Monday, December 31, 2012

Books in 2012: Review of a year in literature

It has been a great year for invention and experiment, both in the content of books and their form, says Gaby Wood.

Zadie Smith
Zadie Smith Photo: Rex Features
If the year in fiction could be said to have belonged to anyone in 2012, it’s a novelist who has resurrected the past. The two Man Booker Prize-winning volumes of Hilary Mantel’s projected trilogy about the life of Thomas Cromwell – Wolf Hall and Bring up the Bodies – have made the 16th century so familiar to us that it’s easy to forget the extent to which their author has remodelled the English language. As she put it wryly when speaking at this year’s Telegraph Hay Festival, Mantel “learnt to talk Tudor” by giving just “a flavour” of the way people spoke then. Documented texts and resonant letters are joined seamlessly with jocular, everyday figures of speech, resulting in something suggestive and true to its own logic – but you’d hesitate to claim it was anything so gauche as “authentic”.

Although Mantel has entertained the idea of parallels with modern day Britain (and suggested that we might welcome Cromwell back to fix the banking crisis), overall she has said that “I’m not just writing a giant parable of today. We have to respect those people’s stories in their own right. They are no less people for being dead.”
None the less, three very distinct novelists have attempted to deal with the present – and more particularly, with the question of class. Martin Amis’s latest book,

Lionel Asbo, which carried the subtitle “State of England”, is set in Diston, an abbreviated dystopia where the titular lager lout has won the lottery. But its main narrative discomfort stems from the apparent positioning of the narrator as high enough above the working class anti-hero to spell out his pronunciation for the benefit of presumably equally snooty readers. (Cynthia is “Cymfia”, Lionel’s own name is pronounced “Loyonoo”.)

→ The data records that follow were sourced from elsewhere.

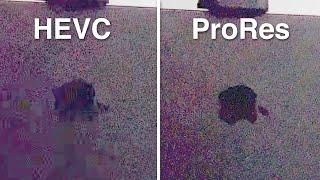 Why Shoot ProRes on the iPhone 13 Pro Realworld differences [upl. by Appleby115]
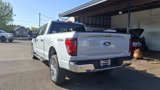 New 2025 Ford F150 XLT image 4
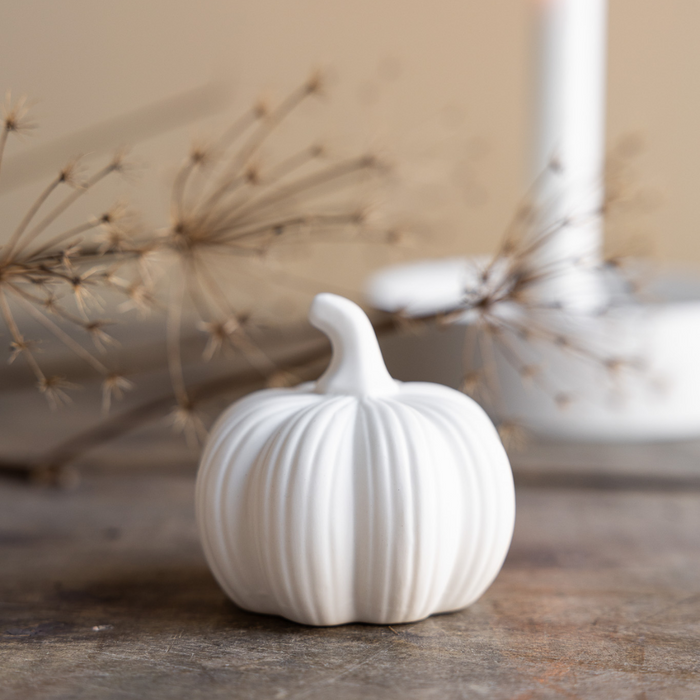 Small White Pumpkin Decoration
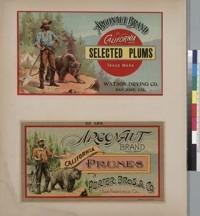 Album page with an Argonaut Brand California Selected Plums label and an Argonaut Brand California Prunes label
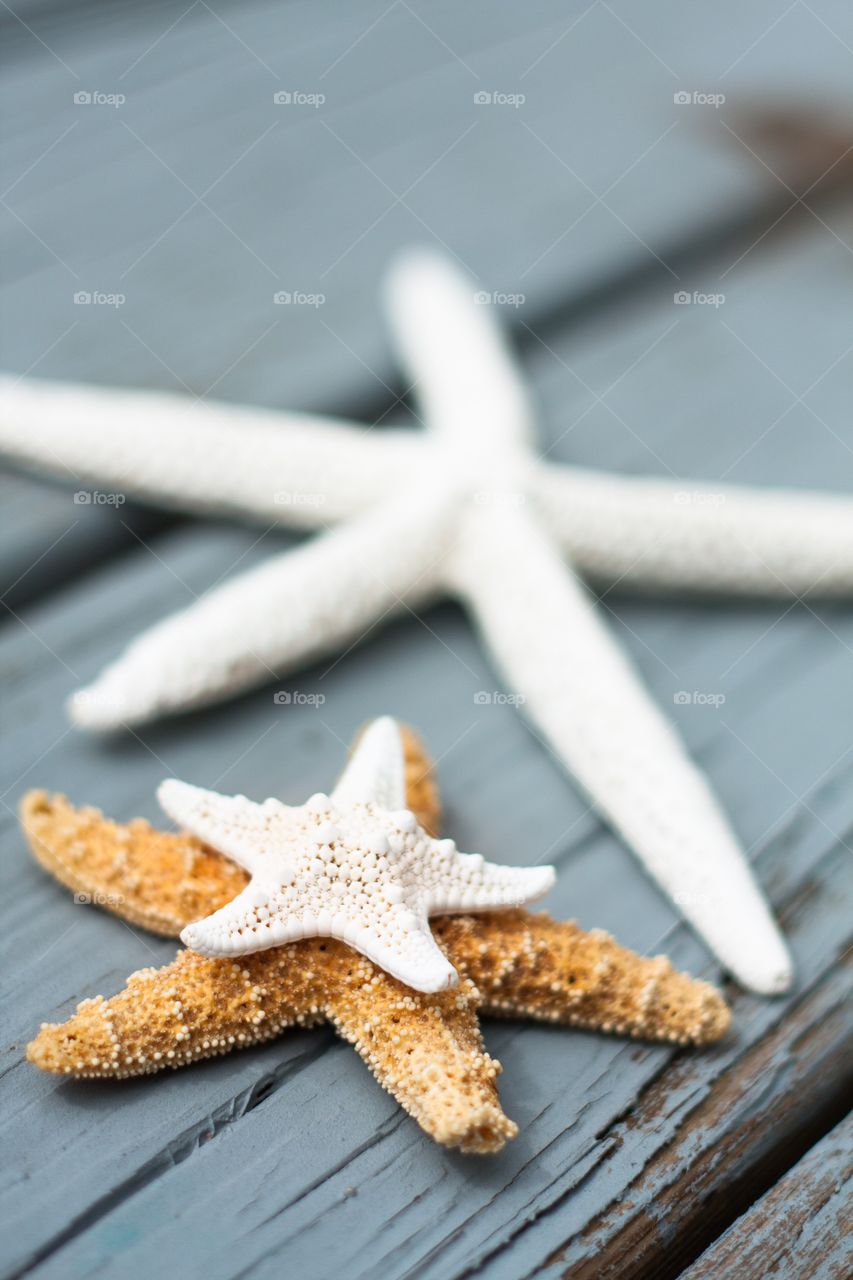 Starfishes on wood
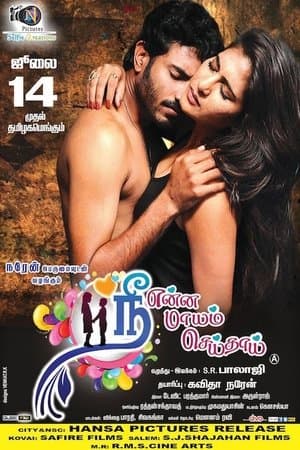 Nee Enna Maayam Seidhai streaming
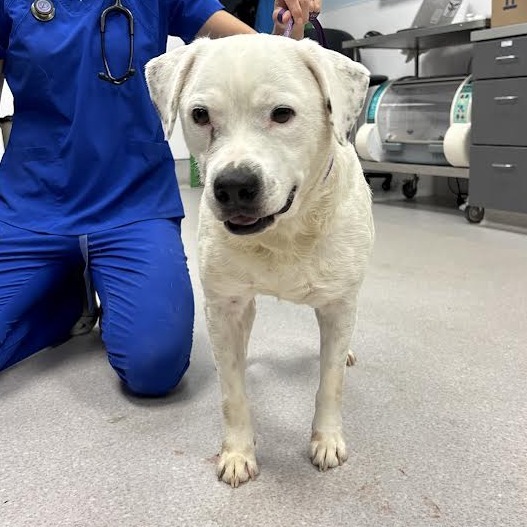 MOE - Retriever, Labrador / Bulldog available for adoption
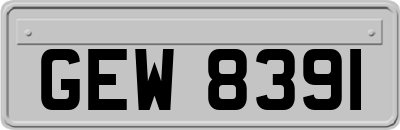GEW8391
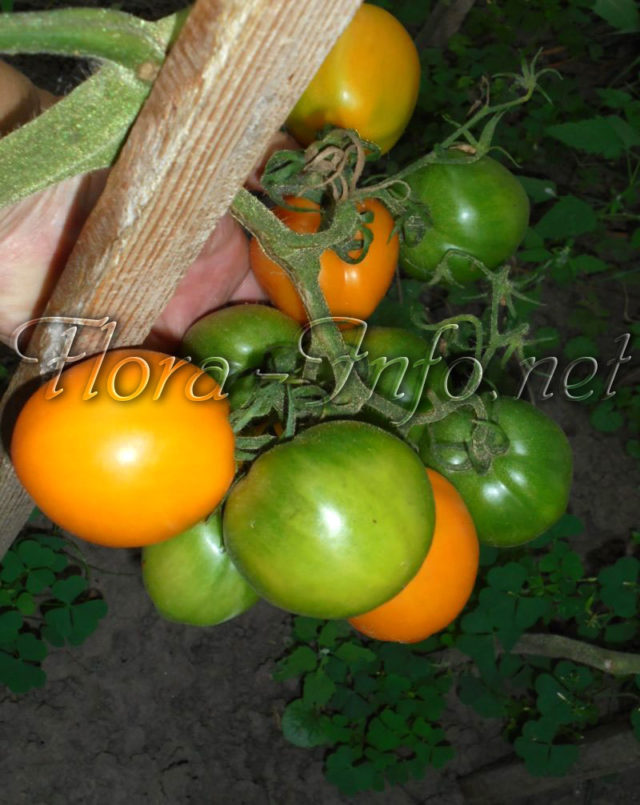Как ускорить дозаривание томатов
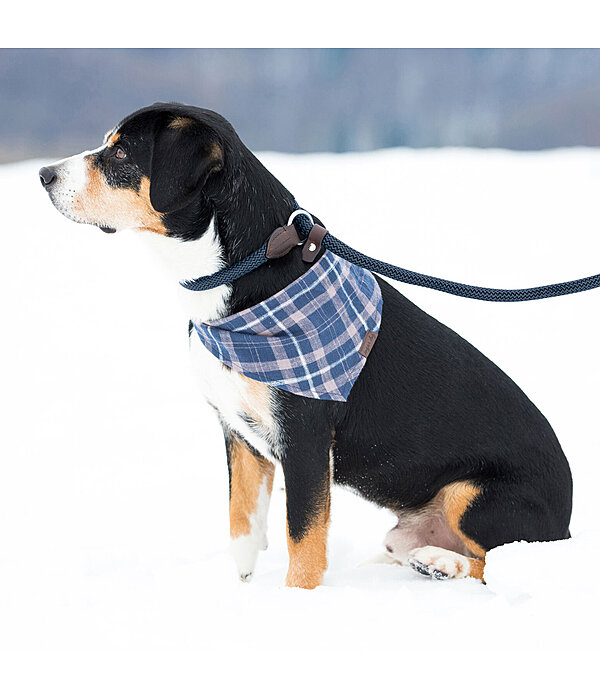 Retriever-Leine Rope
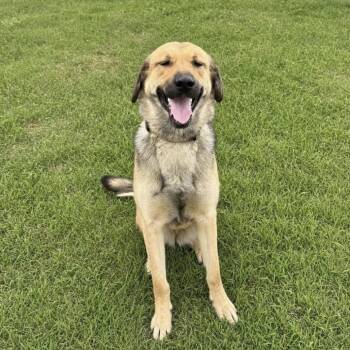 Shepherd and Mixed Breed Dogs Available for Adoption in Huntsville, Alabama - Daisy HAWS | PetCurious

When I quizzed Amis about this at Hay he replied, more or less, that some of his best friends were working class, which did little to explain the archness of tone.

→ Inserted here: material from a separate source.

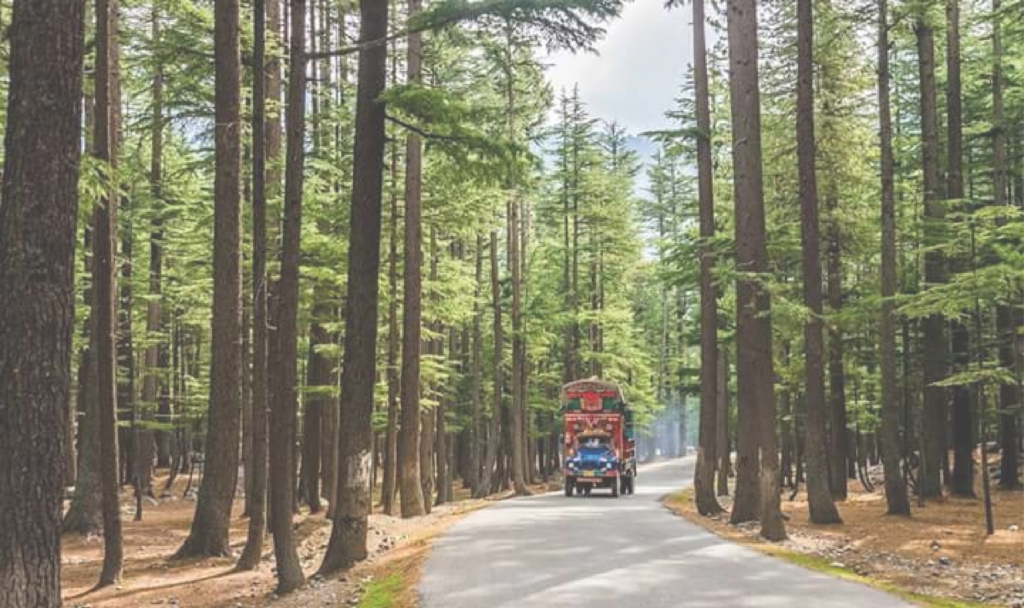 World Tourism Day, Swat Valley, Ushu Forest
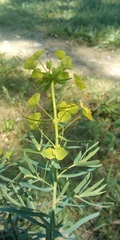 Euphorbia saratoi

Amis’s grisly vision is not so very far from that of JK Rowling, whose The Casual Vacancy shocked many of her loyal fans. The “X” on the book jacket – standing for a ballot paper in a local election – might just as well have been a rating. Self-harm, heroin, sudden death, suicide: if the real world looks like this to Rowling, no wonder she came to invest in the magical one with such vigour. The pages of this first book for adults burst with everything she couldn’t say to children, and although she evidently meant it to represent a left-wing political view, her characters are all so monstrous as to obscure it.